The marketplace has shifted significantly with regard to advice business valuations. Three to five years ago a client base was seen as a whole and generally speaking the various revenue segments carried similar valuations. In many cases, this was also underpinned by institutional BOLR schemes that valued all revenue equally between three to four times. This has changed in recent times.
With the collapse of the institutional market, an arbitrary 2.5 times revenue outcome imposed by AMP, and the pending abolition of grandfathering there is now a stark difference in the valuation of different revenue segments.
- Revenue subject to grandfathering is virtually worthless.
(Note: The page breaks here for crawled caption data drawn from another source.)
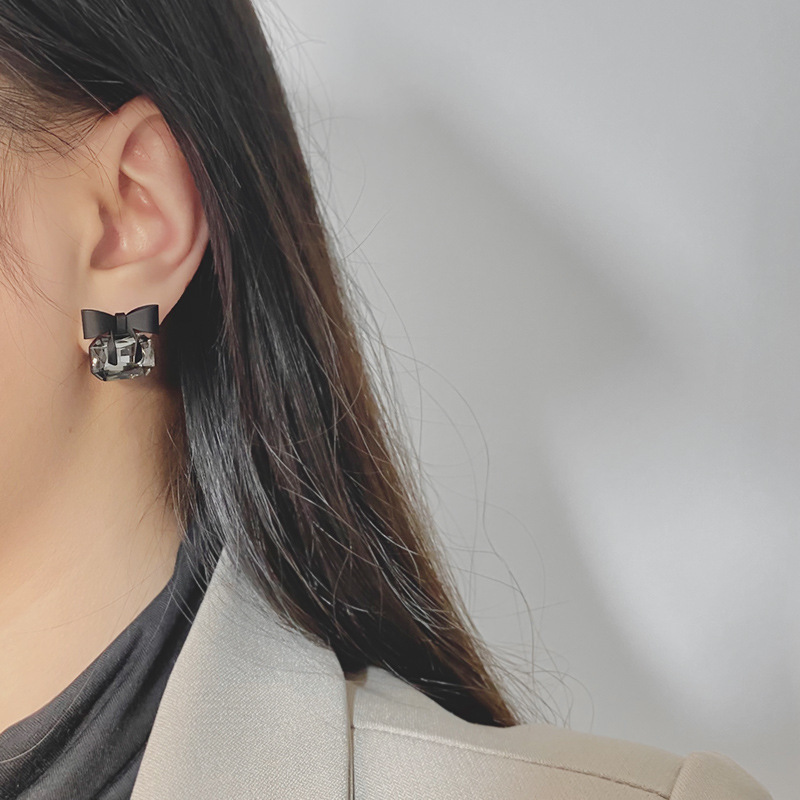 New black bow stud earrings for women in a cold and simple style, Korean style, stylish and fashionable commuting stud accessories details Picture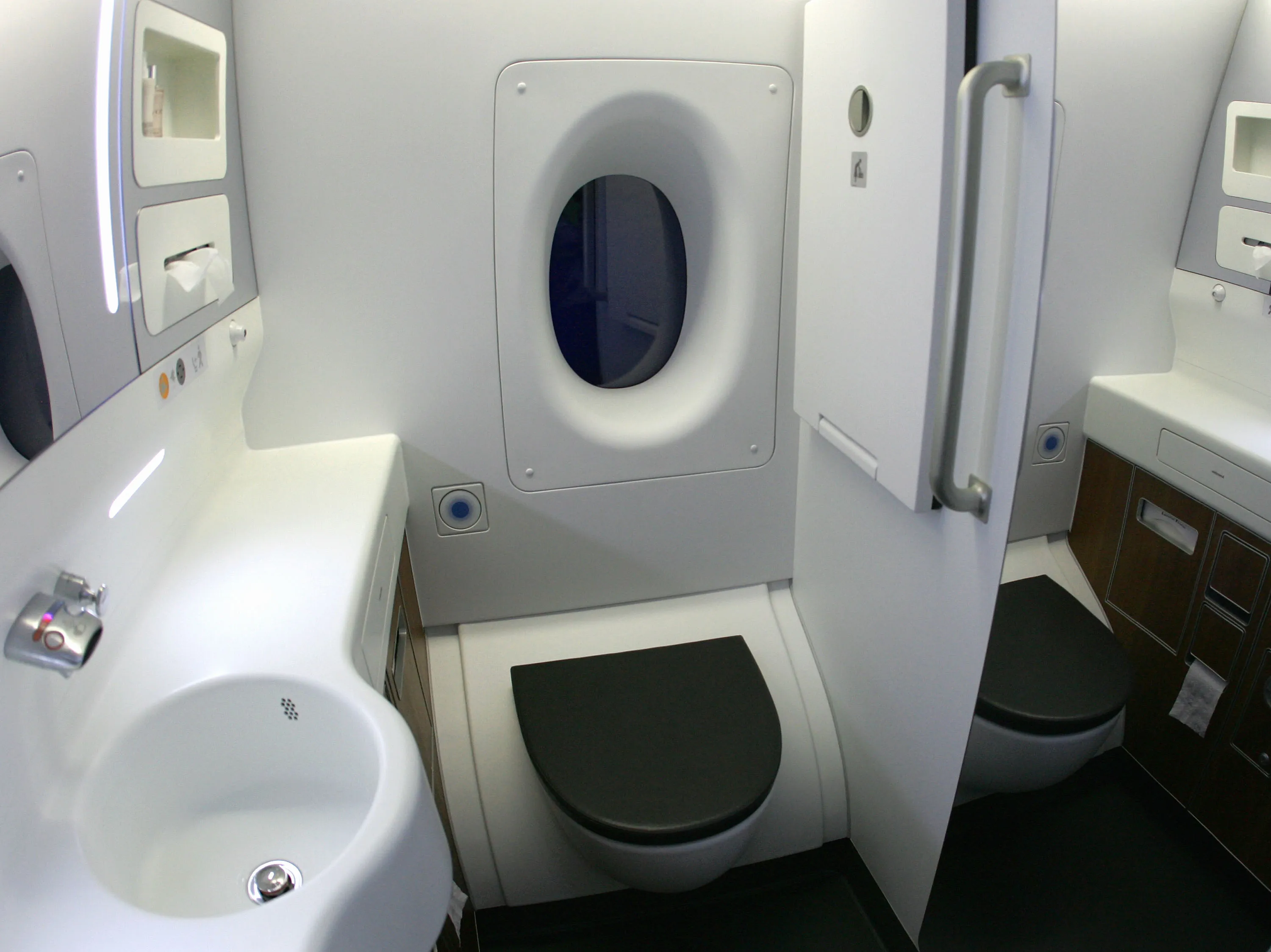 Bill in Congress Would Prevent Airlines from Charging Fees for the Bathroom
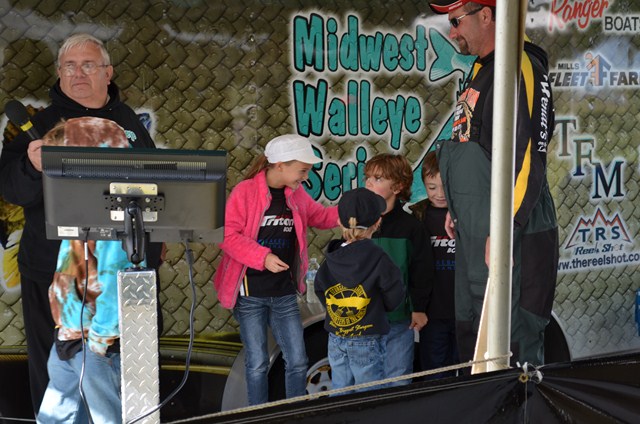 CAEA7A7A-1F10-4F84-BE52-E18D7049D885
- Revenue with compliance risk and potential fee for no service risk varies significantly depending on the issues but may only fetch 1-1.5 times.
- Revenue with clean compliance but perhaps less active and potentially older attracts 2-2.4 times.
- Better quality active revenue is holding up much more strongly in the 2.5-2.9 times range
The institutions are rapidly extracting themselves from single adviser practices with $200-500k of revenue. In addition, older advisers have weighed up the FASEA requirements and decided to exit now to give themselves certainty. The supply of businesses is very high and that is placing downward pressure on valuations in this business model, even if the revenue is of high quality. In addition, we often see new conditions and warranties to protect the buyer against an increasing risk environment. These clauses and the potential revenue clawback associated often stretches out for two years. Previous upfront payments of 80-90% look more like 50-70%. The buyers are typically above the $2m turnover mark with strong balance sheets. But key lenders are Macquarie, NAB and Westpac are heavily scrutinising the risk before lending versus the past where it was a simpler 1.75x on the total revenue.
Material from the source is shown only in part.